2. Shall be independent from officer positions but shall be voting members of the BOD.
3. Shall hold office for one year.
a. The election of Director’s at Large shall take place at the Annual meeting held at the Holiday Dinner IAW Terms specified for each position. Individuals shall be elected by a majority vote of the members in attendance. The new Director’s at Large shall take office January 1st of their elected year.
Section 7: MEETINGS:
A. General Meetings
1. Shall be held Quarterly on the 3rd Wednesday of January, April, July and October at 7:00 pm.
B. Annual Meeting (Holiday Dinner)
1. Shall be held in November or December.
2. BOD voting for the next calendar year will take place at this meeting prior to Holiday Dinner being served.
C. Special meeting
1. May be called at any time upon seven days written notice to the members, at the direction of the President, or the Board of Directors, or upon request of 10 percent of the members.
The location of club meetings will be announced to the club membership with no less than 14 days’ notice, if available, via email and/or social media.
Section 8: INTERNAL AFFAIRS:
A. Voting:
1. Eligibility to vote:
a. Member (Full Membership) must be at least 18 years of age and in good standing with the INWBC. With a Family Membership, the one additional family member receives one vote and must be at least 16 years of age and in good standing with the INWBC.
b. Must be physically present at the meeting in which the vote is taking place.
B. Quorum:
1. To conduct INWBC business a quorum must be present.
a. At formal meetings of the members, as a minimum, one half of the Officers plus ten percent of the members listed on the roster shall constitute a quorum.
b. During officer meetings one half of the officer’s present shall constitute a quorum.
C. Funds:
1. The BOD can authorize use of funds up to $500.00.
2. The Club Membership must approve any expenditure over $500.00.
3. Will be reviewed and audited once a year, at a minimum, by the Vice President together with one of the Director’s at Large of his/her choice.
a. Audit findings shall be provided to the BOD in writing within 30 days after completion.
b. Audit findings shall be discussed at next scheduled club meeting.
Section 9: APPOINTMENT OF COMMITTEES:
A. The President and board of directors shall appoint such committees for special events, as found desirable, from time to time and shall outline duties and responsibilities of such committees. All reports or actions taken by a committee must be approved by a majority of the entire committee.

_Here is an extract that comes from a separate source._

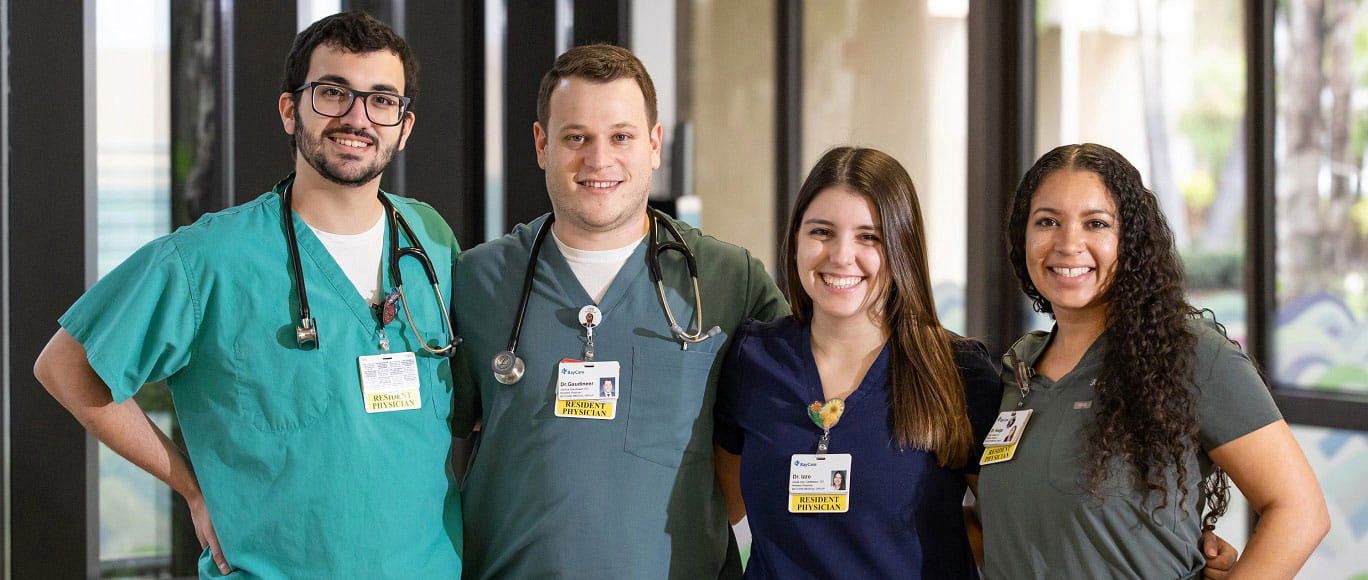 A group of four residents that participate in the BayCare Graduate Medical Education programs.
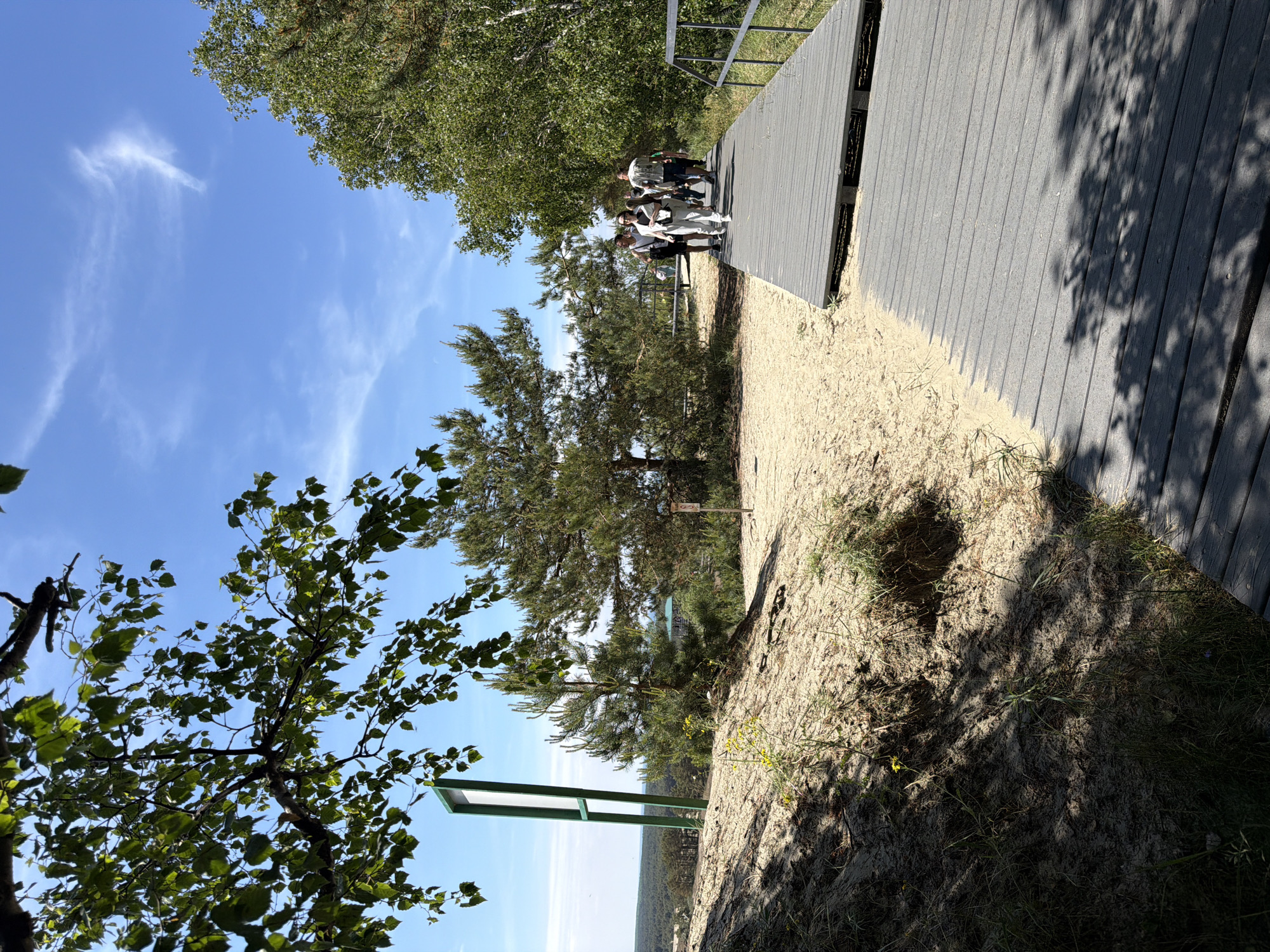 The image depicts a group of people walking on a gray wooden boardwalk that runs alongside a sandy dune area. The boardwalk is elevated and has metal railings on the right side. In the background, there are pine trees and a distant view of a forested area and possibly some buildings. The sky is blue with scattered white clouds. On the left side of the boardwalk, there is a sandy slope with sparse vegetation and shadows cast by trees overhead. A tall, green signpost stands on the sandy dune. The location is identified as Morskoe, Russia.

Section 10: AMENDMENT TO THE BYLAWS:
A. The board of the INWBC or any ten active members in good standing, by written proposals submitted to the secretary may propose an amendment to these By-Laws. Upon such proposal being made a copy thereof shall be included in the notice of the next meeting for the members. If a quorum exists and two-thirds of the members present vote in favor of the proposal at the meeting, the proposed amendment shall thereby be adopted and approved.
Section 11: DISTRIBUTION OF ASSETS UPON CLUB DISSOLUTION:
A. All assets owned by the INWBC at the time of dissolution shall be donated to a non-profit or charitable organization within 60 days of dissolution of the club and accounts will be closed when all club business is complete, including taxes.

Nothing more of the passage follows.